Geschichte Erinnerungen an die Tiergartenstraße 4

TRIER · Eine Wanderausstellung in der Volkshochschule Trier informiert über die Euthanasie-Morde im Nationalsozialismus.

 Eröffnung der Ausstellung über die Euthanasie-Morde der Nazis (von links): Markus Pflüger (Arbeitsgemeinschaft Frieden), Rudolf Fries (VHS Trier), Markus Leineweber (Brüderkrankenhaus), Matthias Klein (Uni Trier) und Thomas Zuche (AG Frieden).

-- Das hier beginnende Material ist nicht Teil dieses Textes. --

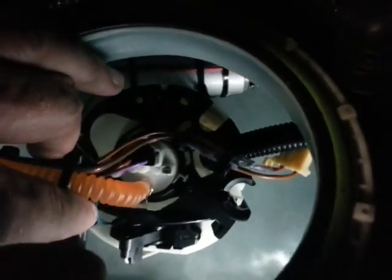I just wanted to clarify on that. Your LPFP assembly is going to look a little bit different than mine because this is a prototype assembly, but other than that everything's pretty much the same. Thanks for watching.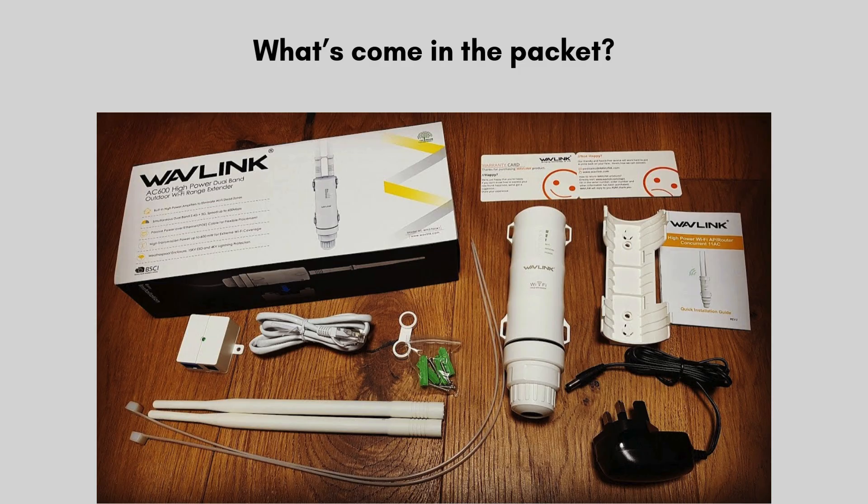Now let's unbox the Wavlink Outdoor Long-Range Wi-Fi Extender. Inside the box you'll find the extender unit itself, equipped with high-gain antennas for improved signal strength. It also includes a Power over Ethernet (POE) adapter, allowing you to power the device and connect it to your network using a single cable. Additionally, the box contains a mounting kit with brackets and screws for secure outdoor installation, and a quick setup guide to help with installation.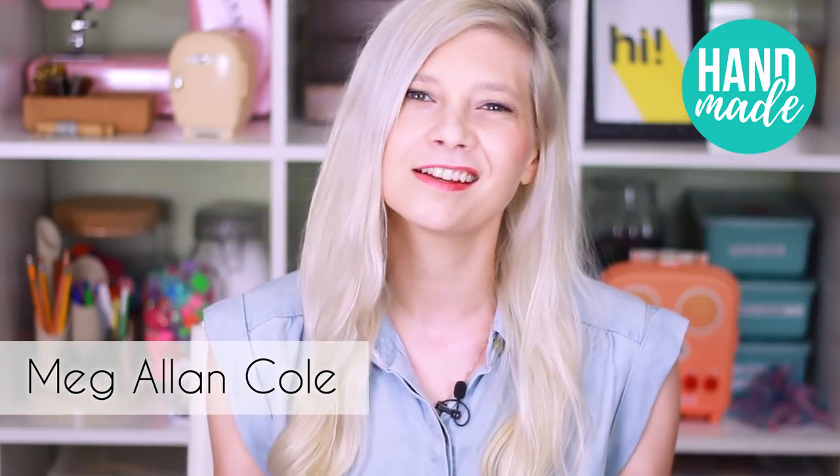Welcome to HCTV Handmade with me, Meg. Are you like me and you dig summer? You love the pool, you love going outside, but your favorite thing is sitting in an air-conditioned home watching TV with a whole bunch of sharks involved. I am obsessed with sharks — I find them fascinating, they're exquisite, they're beautiful, they're so cool. I love learning about them, so Shark Week is my jam.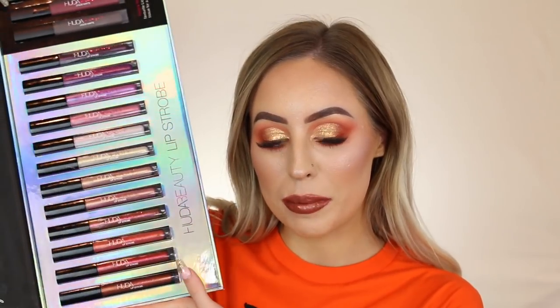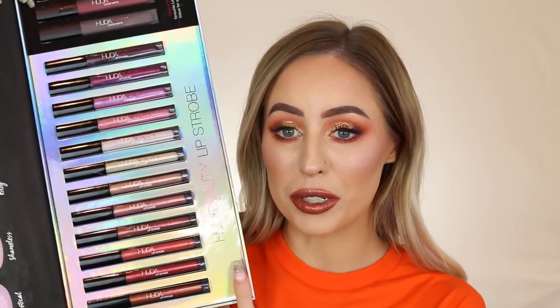Hey guys, welcome back. If you're new here, welcome to my channel. For today's video, we're doing some lip swatches — just a nice quick one for you guys. I just wanted to swatch and review the Huda Beauty Lip Strobes. This is my PR package. I got this a really long time ago, like months ago, and I have just been the slackest YouTuber in the entire world and haven't got around to using or swatching them. So I'm sorry that I suck.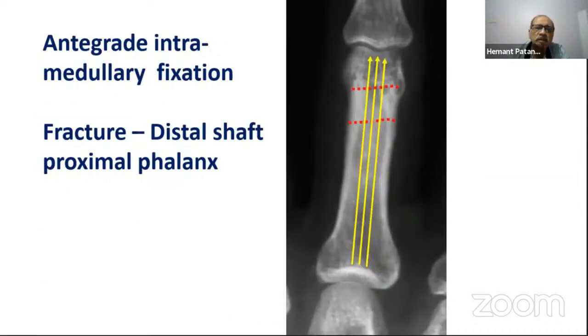I will be concentrating on anterograde intramedullary fixation of fractures of the proximal phalanx. As an index case, I will consider a fracture of the distal shaft of the proximal phalanx to show you the tips and tricks of this method.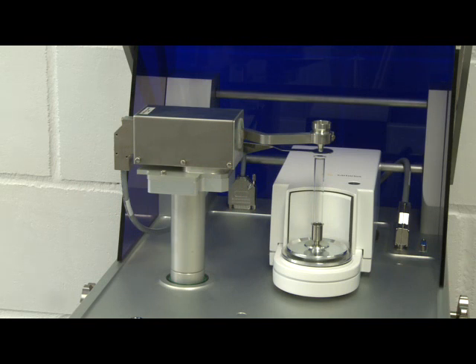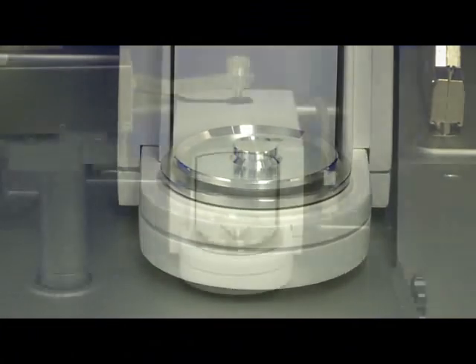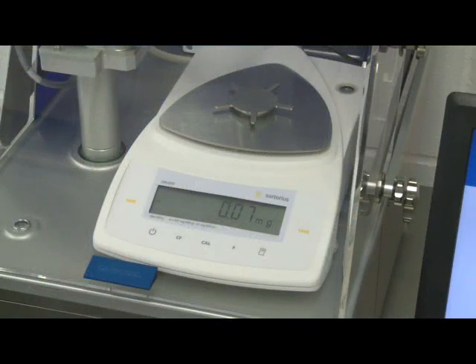The Accelerlab dispenser uses specially adapted Sartorius balances. Options are the SE2 or ME10 microbalances, which can weigh a maximum of 2g or 10g respectively. These balances have a 7 decimal place display, so are ideal for dispensing very low weights accurately. The CPA225D balance can weigh a maximum of 220g and has a 5 decimal place display, making it ideal for general laboratory tasks. The Accelerlab dispenser can be set up with any of these balances and they are easily interchangeable.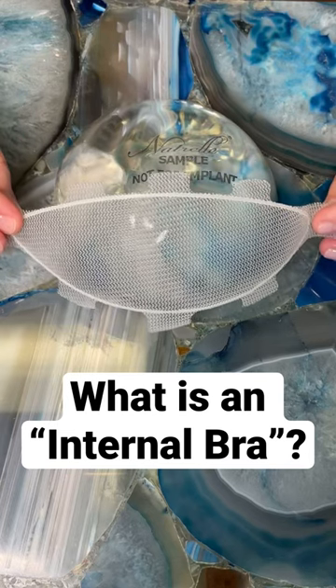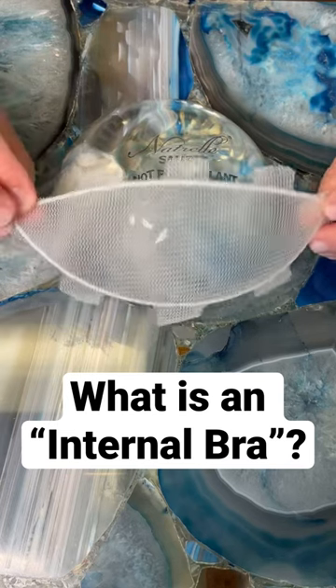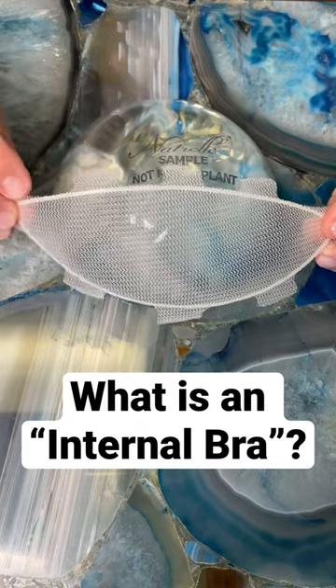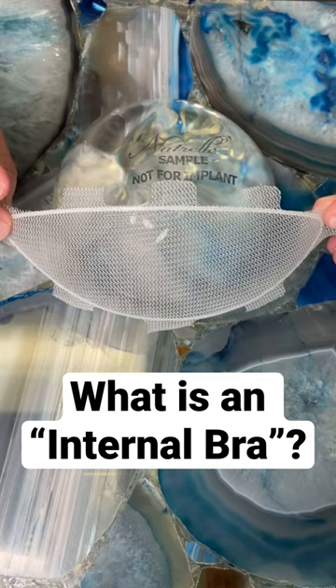Everyone always asks me how the internal bra works. You can see this is the surgical scaffolding. It has tabs for ease of inset and is rimmed to provide shape to the lower pole of the breast.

Eröffnung der Ausstellung über die Euthanasie-Morde der Nazis (von links): Markus Pflüger (Arbeitsgemeinschaft Frieden), Rudolf Fries (VHS Trier), Markus Leineweber (Brüderkrankenhaus), Matthias Klein (Uni Trier) und Thomas Zuche (AG Frieden).

Foto: TV/Sebastian Stein

Einen Schlussstrich unter die deutsche Geschichte ziehen? Dieser aktuellen Forderung verwehren sich die Organisatoren um die AG Frieden und die Volkshochschule (VHS) vehement. Aus Anlass des Gedenktages an die Opfer des Nationalsozialismus am 27. Januar haben sie eine Wanderausstellung von Berlin nach Trier geholt. Gerade in Zeiten, in denen jüdische Kinder aufgrund von Anfeindungen die Schule wechseln müssten, werde Gedenkarbeit wichtiger denn je, meint Rudolf Fries (VHS). Der Fokus liegt diesmal auf den Euthanasie-Morden, die im Gedächtnis oftmals weniger präsent sind als andere Verbrechen des NS-Regimes. Die Ausstellung mit dem Titel „Tiergartenstraße 4“ zeigt auf 30 Schautafeln die Lebens- und Leidensgeschichten Betroffener. In eben jener Tiergartenstraße 4 begannen 1939 die Vorbereitungen für die Euthanasie-Morde an Anstaltspatienten. Während Euthanasie im eigentlichen Sinne „guter Tod“ aus Sicht der Sterbenden bedeutet, ist die nationalsozialistische Verwendung im Sinne der „Rassenhygiene“ und „Beendigung unwerten Lebens“ zu verstehen.

In reichsweit sechs Tötungsanstalten wurden etwa 70 000 Menschen mit Gas ermordet. Zur Verschleierung wurden die Opfer verschleppt und in Zwischenanstalten untergebracht. Gefälschte Sterbedaten und erfundene Todesursachen dienten der Geheimhaltung und Erschleichung von Pflegegeldern.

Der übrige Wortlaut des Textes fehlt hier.